In [141], the authors have proposed a novel test technique that can measure the endurance of the memory cell in a very short test time. The basic idea is to create the model of the physical parameters that change as the cell is written multiple times. For example, Figure 26a shows the change in the ratio of resistance in HRS and LRS of an RRAM bitcell and Figure 26b shows the change in STTRAM bitcell resistance with respect to the number of times it is hammered. Once such modeling is done, the bitcells of a chip can be hammered using a DFT circuit (Figure 27a). The corresponding waveform of the DFT circuit is shown in Figure 27b. The resistance of the bitcells can be measured and the effective endurance can be calculated by leveraging the relation shown in Figure 27 and applying extrapolation. If the endurance is lower than the target or threshold endurance, they can be considered vulnerable chips. Such chips can be discarded or can be implemented with proper mitigation techniques or in those applications which do not require high endurance.

9. Future Research Direction

Emerging NVMs carry the significant potential to bridge performance, energy efficiency, and density gaps in existing and emerging systems. In intermittently powered systems, NVMs can store processor states whereas in low-power and high-performance systems NVMs can replace existing memories or provide an additional level of cache. In this paper, we summarized the new threat surface considering examples of several important vulnerabilities, attack vectors, and potential countermeasures associated with NVMs. Next-generation systems are already adopting some of these memories, making the threats very real. Our analysis suggested that adversaries can exploit the complex device properties to break cryptography and/or launch system security attacks. The device designers, cryptography community, and computer scientists need to work together to understand the new threat surface and develop countermeasures. Some important focus areas of future research should include:
New sources of vulnerabilities: Although the vulnerabilities originating from the devices themselves should be examined further, the community needs to think beyond that to identify new sources. For example, NVMs employ several peripherals, e.g., assist mechanisms that can act as potential sources of fault injection. Such vulnerabilities have been explored for SRAM and DRAM. NVMs can also employ system-level features, e.g., wear-leveling that can be turned against the NVMs/disabled to launch attacks.
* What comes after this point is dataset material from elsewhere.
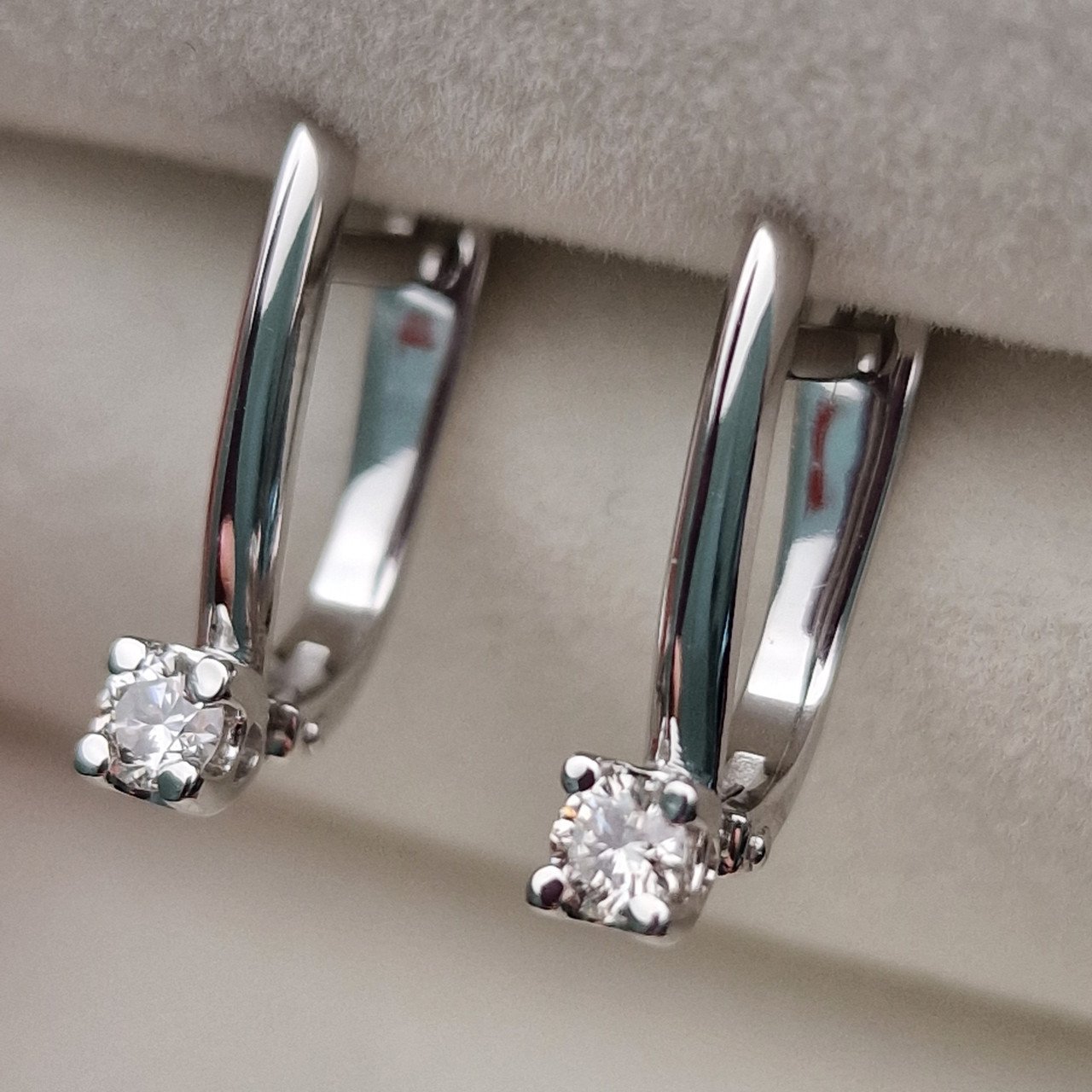 Серьги Deimantas 100593469 2,27гр 0,232ct. купить,NaN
These issues need to be thoroughly investigated.
Attacks on storage NVMs: The security and design community needs to consider new attack vectors on the NVMs beyond DoS and fault injection such as Trojan-induced attacks. Some topics require more effort, e.g., information leakage, since multiple directions exist to exploit NVM features, peripherals, and system-level mechanisms to leak data. Thus far, only external field-based tampering has been investigated.
Attacks on compute NVMs: A variety of NVMs are being explored as an alternative substrate for computation. The compute memories are different than the storage memories since their mode of operation reaches beyond simple storage. The attacks on these memories need to be understood to develop countermeasures.
NVM-enabled attacks: Once NVMs are integrated into the system, they can be exploited by adversaries to launch new sources of attack. One example illustrated in this paper is Trojan design, however, scopes of other attacks are equally likely and need further exploration.
NVM-based Trojan triggers: Once NVMs are integrated in the system, they can be exploited by hardware Trojans. More research is needed to identify other NVM properties that can be exploited for Trojan trigger and payload design. NVM-based Trojans can be dangerous since system-level techniques fail to detect them. This mandates further research for the detection and prevention of NVM Trojans.
Attack detection/sensing and prevention: One of the important aspects of counteracting the attacks is to detect them. We showed an example of a magnetic sensor to detect attacks, however, such principles need to be extended to other attacks as well. Prevention will require the elimination of vulnerabilities through device engineering and/or by employing new low-overhead techniques. Further research is required in these directions to secure the NVMs.
NVM testing: New testing techniques can be investigated to detect NVM vulnerabilities after manufacturing. For example, new testing techniques can be investigated that can identify the chips with hardware Trojans successfully at lower overhead and discard them. Furthermore, an additional security test could be designed to detect other various faults that NVM are susceptible [142,143,144] to, which can be leveraged to design new attacks.

10. Conclusions

In this work, we summarized the basics of emerging NVMs and their vulnerabilities. We discussed the privacy and security issues for NVM-based cache and main memory. We also summarized various state-of-the-art countermeasures. We present a discussion on the vulnerability of NVM-based IMC and on the premise of employing hardware Trojan leveraging NVM. We also described test techniques to capture some of the security and privacy issues of NVM chips after manufacturing in a short test time. Finally, we presented a discussion on the future topics of research on the security/privacy of NVMs.

Author Contributions

Conceptualization, M.N.I.K. and S.G.; methodology, M.N.I.K.; software, M.N.I.K.; validation, M.N.I.K.; formal analysis, M.N.I.K.; investigation, M.N.I.K.; resources, S.G.; data curation, M.N.I.K.; writing—original draft preparation, M.N.I.K.; writing—review and editing, S.G.; visualization, M.N.I.K.; supervision, S.G.; project administration, S.G.; funding acquisition, S.G. Both authors have read and agreed to the published version of the manuscript.

Funding

This research was funded by Semiconductor Research Corporation (SRC) (2847.001), National Science Foundation (NSF) (CNS-1722557, CCF-1718474, DGE-1723687, and DGE-1821766), and DARPA Young Faculty Award (D15AP00089).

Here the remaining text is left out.